● **EXTRACTED DATA**

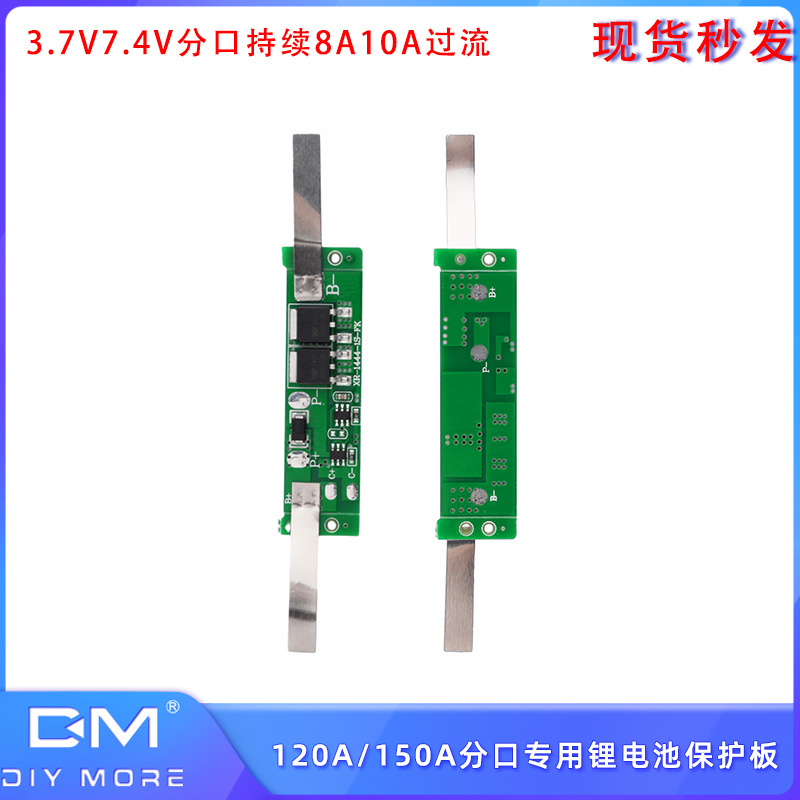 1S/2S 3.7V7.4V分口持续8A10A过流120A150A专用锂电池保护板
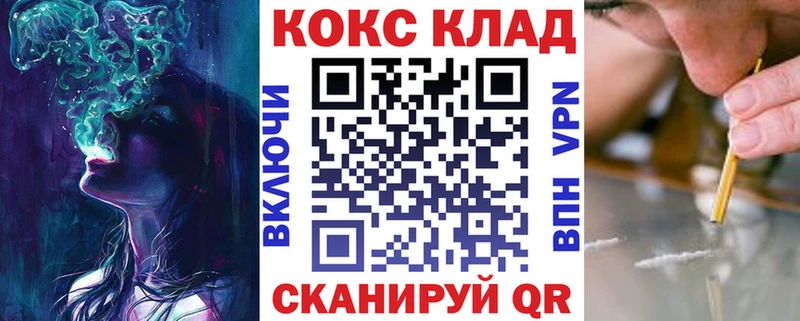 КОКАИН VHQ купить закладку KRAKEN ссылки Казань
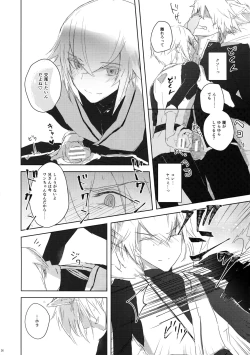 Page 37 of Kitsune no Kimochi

==

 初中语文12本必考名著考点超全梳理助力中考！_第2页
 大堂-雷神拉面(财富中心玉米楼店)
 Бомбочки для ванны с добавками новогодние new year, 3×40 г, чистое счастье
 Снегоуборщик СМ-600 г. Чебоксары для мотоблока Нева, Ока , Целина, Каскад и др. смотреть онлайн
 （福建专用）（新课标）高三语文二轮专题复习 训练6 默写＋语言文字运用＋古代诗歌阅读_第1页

---

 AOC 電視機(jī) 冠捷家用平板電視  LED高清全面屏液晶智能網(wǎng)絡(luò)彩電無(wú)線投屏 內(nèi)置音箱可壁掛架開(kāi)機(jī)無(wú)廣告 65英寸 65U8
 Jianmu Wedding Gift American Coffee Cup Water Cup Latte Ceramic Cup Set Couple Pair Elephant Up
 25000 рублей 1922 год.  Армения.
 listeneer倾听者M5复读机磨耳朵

● **WHAT TO DO**
In the listing above, find the line containing "25000 рублей 1922" and the line containing "listeneer倾听者M5复读机磨耳朵", then quote both, plus every line between them, exactly as written.

● **THE ANSWER**
 25000 рублей 1922 год.  Армения.
 listeneer倾听者M5复读机磨耳朵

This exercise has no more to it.